The authors conducted 7 studies over 3 phases to develop a framework of robots (Phase 1; studies 1 & 2), develop a categorization for how we respond to robots (Phase 2, studies 3-5), and determine what best predicts these responses and why (Phase 3, studies 6 & 7). Across studies, participants responded to stimuli of robots as images and descriptions across 28 areas of human activity where robots are present. First, a group of participants were asked to generate characteristics they associated with robots, resulting in 277 unique characteristics. Then, a new set of participants grouped these characteristics into categories, from which 5 clusters of robot characteristics were found using hierarchical clustering. The authors then linked the themes of these clusters, forming a general definition of robots. Participants were then given this definition and asked to list all human domains they could think of that robots operate within. A new set of participants were given this comprehensive list of domains and asked to list all thoughts, feelings, and behaviors they could think of regarding robots operating in these domains. Based on their responses, the authors generated prompts to probe the reported thoughts and feelings, and asked new participants to answer them in response to an example of a robot from one of the original 28 domains (i.e. “This robot is like a human”). Responses to these prompts were used to generate statistical models to measure underlying factors representing the diversity of responses.
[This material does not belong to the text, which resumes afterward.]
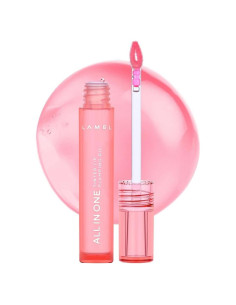Aceite Labial Todo en Uno LAMEL Melocotón - Hidratante y Voluminizador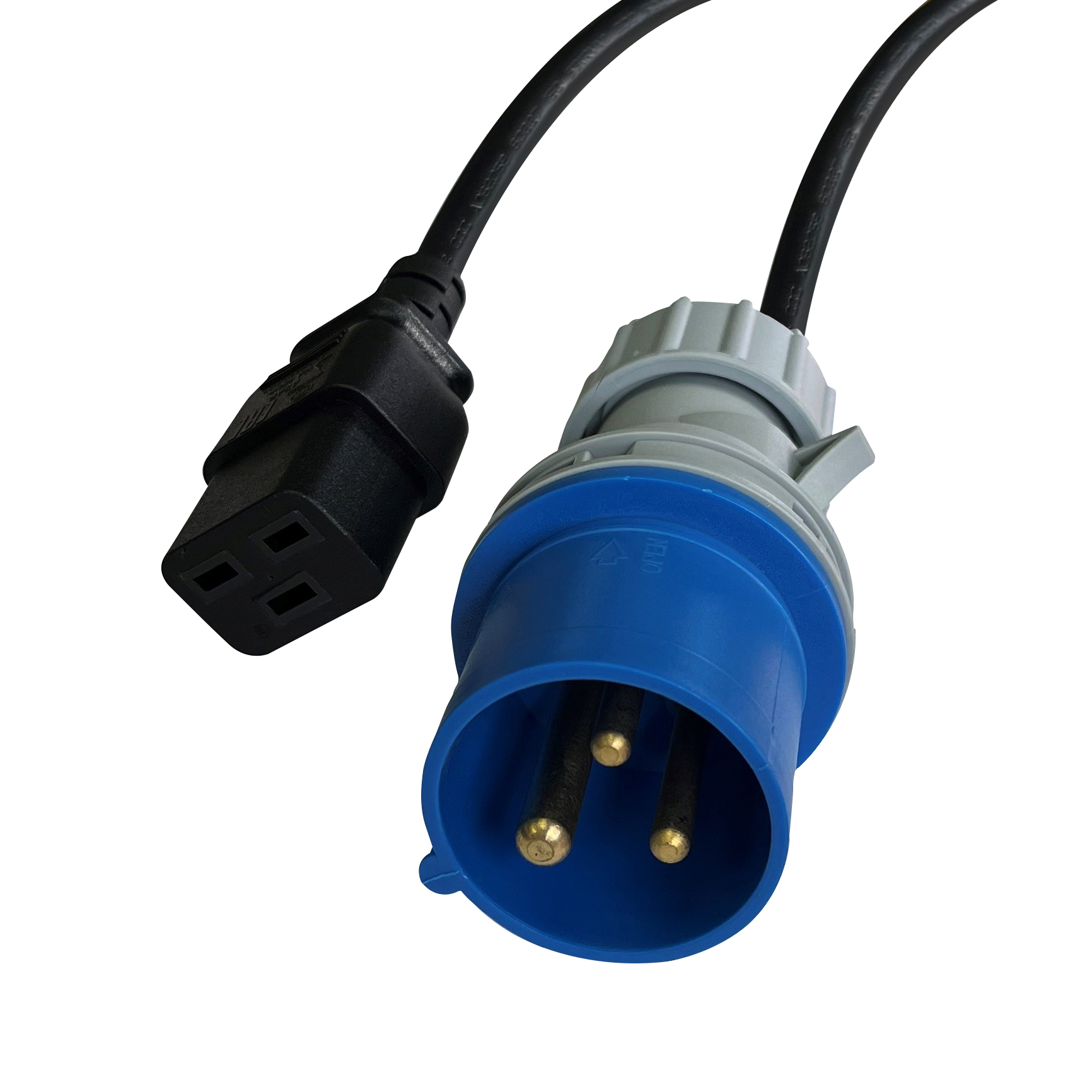 16 Amp Commando to C19 Power Cable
They found that responses could be most appropriately represented by 3 categories: positive, negative, and competence-related. They then confirmed that the model remains accurate across changes in participant demographic information or robot type. Lastly, the authors trained machine learning models for the positive, negative, and competence dimensions separately and identified the key predictors for each response type. They validated the identified predictors and used parallel mediation analysis to analyze potential mediators of the relationship between a predictor and the associated PNC dimension. For example, general risk propensity was a predictor for the positive dimension because people who scored highly for this trait valued the risks associated with using robots in society and were curious about how they would influence the world.  

What did they find?

The authors established the positive-negative-competence (PNC) model to represent the spread of human psychological responses to robot representation. They also identified unique predictors for each of these dimensions and were able to identify mediators for 3/3 of the positive dimension predictors, 2/4 of the negative dimension predictors, and 2/2 of the competence dimension predictors. The key positive predictors of each dimension with an example of an identified mediator of the predictor in parenthesis, where applicable, were: general risk propensity (valued risks of robot use), anthropomorphism (felt positively towards inanimate objects with human features), and parental expectations (felt robots could help humans fulfill their high expectations). The key predictors for the negative dimension were trait negative affect (were more likely to be in a state of displeasure), psychopathy (felt inferior towards technologies they were not proficient in), anthropomorphism (no mediator found), and expressive suppression (no mediator found). For the competence dimension, key predictors were approach temperament (valued exceptional skills and competencies) and security-societal (linked advanced technologies with the degree of societal advancement). 

What's the impact?

While previous research on human-robot relations has examined psychological responses to robots, this is the first study to investigate the spectrum of human psychological reactions under a comprehensive construct. Importantly, the authors illustrated that while the spectrum of human responses to robots is diverse, they can be explained by three dimensions of psychological processing: positive, negative, and competence-related. The proposed model allows future research to measure responses to robots more easily and accurately, helping us to construct a framework to understand how humans think, feel, and react to robots encountered in society.